Despite Kurt Lewin’s aphorism, “Nothing is as practical as a good theory.”

  • Real World Theory: 73 organizational behavior theories – the vast majority developed in the U.S. and attempts to locate theories from other countries produced very few – and surveyed management research experts who endorsed many of the theories as scientifically valid and useful for understanding and improving OB.
  • Normative theories formulate the way organizations ought to function. A properly designed and managed organization does not experience internal conflict.
  • Descriptive theories attempt to portray organizations realistically.
  • Value Judgments are culturally biased assessments of behavior.
  • Ethnocentrism is the belief that one’s own group is the center of everything, and all others are scaled and rated with reference to it.
  • Culture Shock, an adverse or confused reaction to behavior in other cultures, challenges understandings between ourselves and others.

Global Processes

  • Saskia Sassen’s The Global City illustrates the discovery of similarities – convergence – across cultures produced by global economic activity.
  • Management Pluralism by Mauro Guillen demonstrates that these industrial societies adopted different paradigms of management philosophies and practices at different times: scientific management, the human relations school, and structural analysis. Guillen concludes that cultural factors influence the selection of management models, not only their scientific credibility or economic and technological factors. In addition to the political and social factors that influenced managerial ideology and practice, Guillen found that religion – an important cultural element – also was significant in the adoption of a management model.

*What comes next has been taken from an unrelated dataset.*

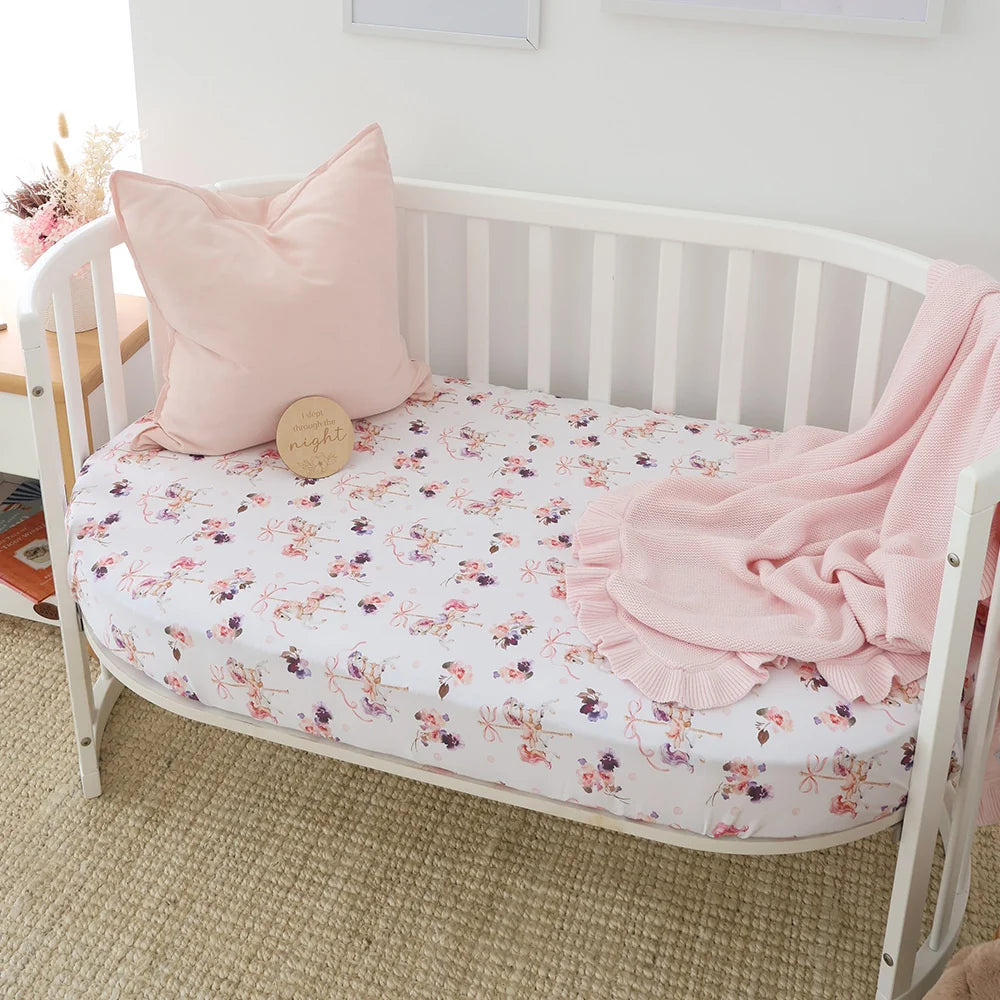 Snuggle Hunny Organic Fitted Cot Sheet - Carousel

Guillen Research: Two Important Issues

  1. Institutional arrangements, not only the type of economy, technology, or a particular definition of industrial efficiency, create ideologies that become guidelines for the way people manage organizations.
  2. Comparative analysis is a more productive way of understanding management and organizational behavior than single-culture studies.

Cultural Values in the 21st Century

Cultural values impact the types of organizations that emerge, the behavior that takes place in them, how and in what directions they change, and the techniques to manage them. Cultural zones have distinctive value systems that persist after controlling for the effects of economic development. Economic development tends to push societies in a common direction, but rather than converging, they seem to move on parallel trajectories shaped by their cultural heritage.

Organizations Enter the 21st Century

  • Unprecedented career insecurity
  • Renewal of economic rivalry and collaboration throughout the world’s economies

Convergence or Divergence?

If cultures are converging – that is, becoming more alike – there is little reason to study specific management practices and organizing principles. If organizations throughout the world are similar, the same management techniques apply. If cultures remain distinctive and basic values persist or are actually becoming more dissimilar – that is the process of divergence. This viewpoint suggests that it is urgent to become familiar with diverse cultures and develop culturally sensitive ways to manage organizations.

Forces for Convergence

Sassen’s study suggests that globalization, which affects the economy and culture of cities, is a force for convergence.

Forces for Divergence

Guillen’s study concludes that distinctive cultural elements influence the management of organizations. Unless globalization produces a uniform religion or other value system, there will continue to be differences in management philosophies and practices.